Dwight Howard was introduced in Houston Saturday and looked relaxed and comfortable talked about winning and having fun at the same time.

“I made this decision for me,” Howard said in a press conference streamed online. “I want to be happy. If you can’t be happy when you’re playing, it’s not fun. I want to get back to being that guy who was playing and having fun but at the same time dominating.”

Howard wasn’t dominating last season in Los Angeles, he returned far too soon from back surgery and was a shell of the player from Orlando. That helped lead to a spiral in Los Angeles — the Lakers struggled (due to a coaching change and a rash of other injuries, too, it was more than Howard), which led to more questions to Howard about why he was struggling, which led to him being unhappy, which led to him not having the same energy or playing well, which exacerbated the Lakers struggles… you get the idea.
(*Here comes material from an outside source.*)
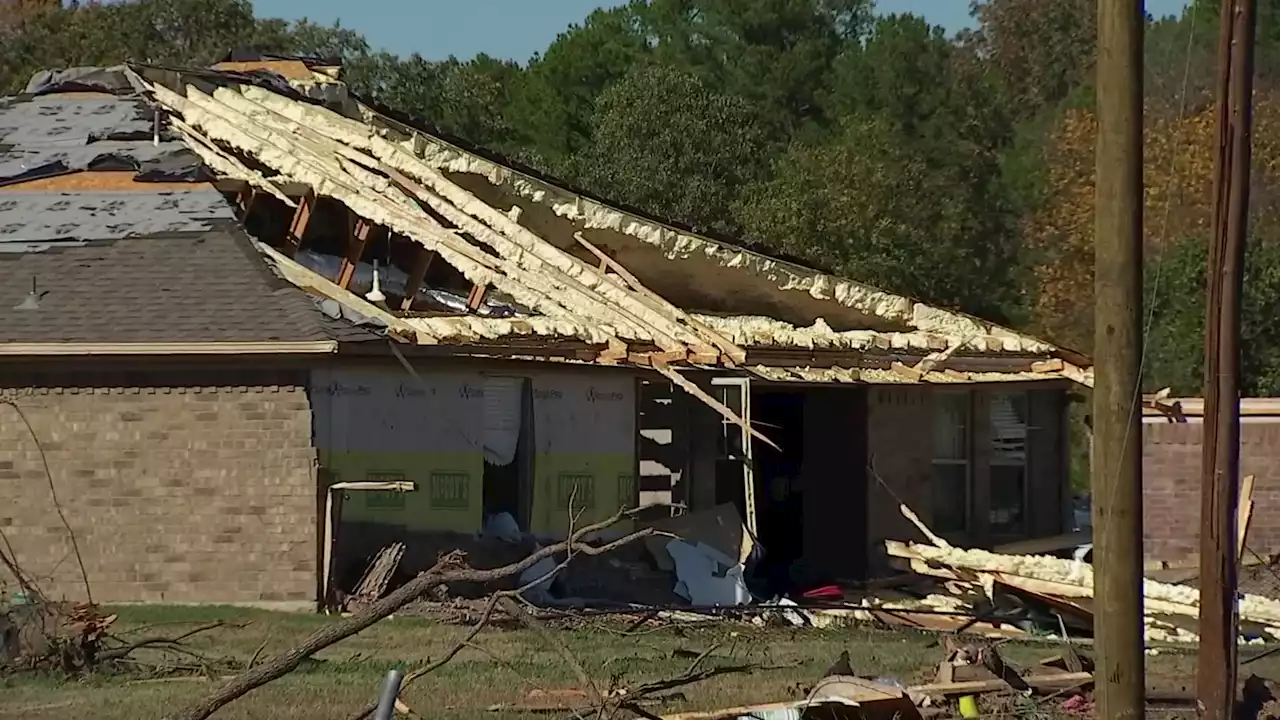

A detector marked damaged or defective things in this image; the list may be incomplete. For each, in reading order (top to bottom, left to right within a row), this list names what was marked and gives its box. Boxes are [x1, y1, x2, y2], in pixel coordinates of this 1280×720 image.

damaged wall [0, 366, 316, 602]
damaged house [0, 58, 1095, 602]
That smile on Howard’s face, combined with the a level of play that did not make the game easy and fun, frustrated Lakers fans used to Kobe’s scowl and demeanor. In Houston, Howard was unapologetic.

“I do love it, I do love to smile and have fun but I take what I do very seriously…” Howard said. “But you only have one life, so if you’re frowning and you take life too serious you miss out on the good things in life. I’m not going to miss out on those opportunities by always having a frown on my face.”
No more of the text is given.